The closest thing to regulation we have today is a series of process agreements between particular fiduciaries and the DOL. This process began with the “Agreement Concerning Fiduciary Engagements and Process Requirements for Employer Stock Transactions” dated June 2, 2014, between the DOL and GreatBanc Trust Company. Even though the standards set forth in these process agreements are binding only on the parties to the agreement, the DOL issued a press release stating, “others in the industry would do well to take notice of the protections put in place by this agreement.” That statement creates the appearance that the DOL is circumventing what should be a fair and open regulatory process.

The DOL has entered into several similar settlements in the time since, seeking to establish quasi-regulation. Regulation through litigation creates inconsistent law, applies inconsistent standards, and circumvents a fair and open process. Indeed, trustees are quick to take note of each successive process agreement as each seems to build upon predecessor agreements as the DOL’s enforcement priorities change. Clear and consistently applied standards are necessary to avoid Monday-morning quarterbacking that continues to occur long after transactions have closed. This uncertain environment is an unfair use of the legal system, appears to deter the creation and continuation of ESOPs, runs contrary to clear congressional intent, and leads to costly litigation.

From "The Defendant’s Win in a Landmark Case from the Viewpoint of the Defendant’s Expert"
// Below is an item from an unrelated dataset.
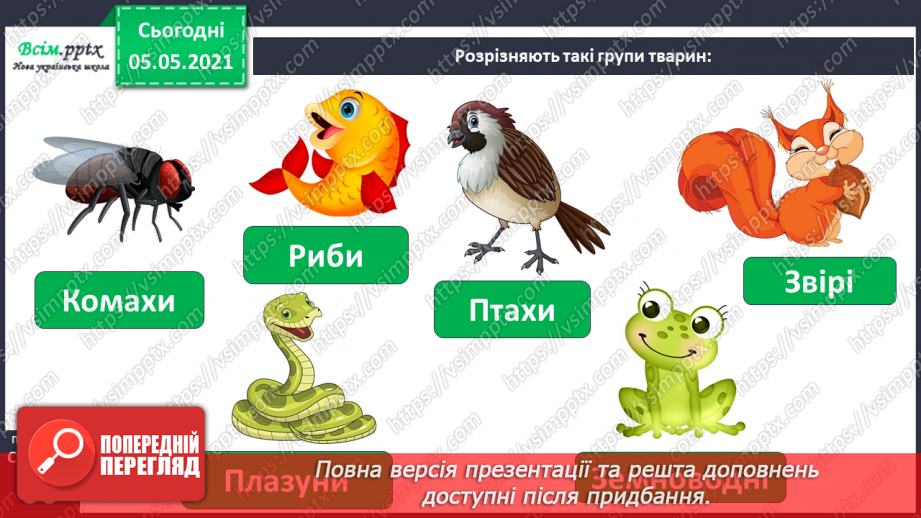 №041 - Різноманітність тварин у природі. Комахи4 №041 - Різноманітність тварин у природі. Комахи4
Primarily as a result of these violations, the DOL expert’s conclusions were deemed flawed. Overall, his assumptions were found to be speculative and unfounded, and his reasoning was fatally flawed. Pia identified certain key flaws in the DOL expert’s analyses and methodologies:

  • He attempted to dismiss both the LVA and GMK valuations in one fell swoop by treating the non-binding indication of interest letter from URS like a bona fide offer, which he concluded was somehow representative of the fair market value of B+K at or near the time of the transaction. This is not consistent with general standards and practices of valuation.
  • The DOL expert relied on erroneous assumptions in developing his own modified forecasts for B+K, essentially superseding and replacing management’s forecasts with his own. Below are several factors that Pia specifically pointed out:
    • A failure to understand the historical pattern of subcontractor expenses and how to properly account for them in the forecast period. Had the DOL expert queried management about this key element of the forecast, he would have learned that B+K completed several large projects for the U.S. Army Corps of Engineers in the period before the ESOP was adopted, which required heavy use of subcontractors. Subcontractor expenses are passed through without markup to the customer and do not contribute to profitability; thus, they are not included in forecasts. Additionally, management does not include potential large contracts in its forecasts because they only occur occasionally. Thus, with no forecasted large projects, subcontractor expenses were expected to revert to their average level.
    • The choice to use a stub period in the DCF benefit stream provided by management. This short period was inconsistent with the trend the company experienced and essentially ignored approximately $3.9 million in free cash flows from the 2012 period. This choice was made despite the following statement in the DOL expert’s report: “Thus, it is reasonable to assume that revenue would meet Management’s expectations for 2012 which is consistent with our analysis.”
    • A related failure to adequately analyze B+K’s construction order backlog.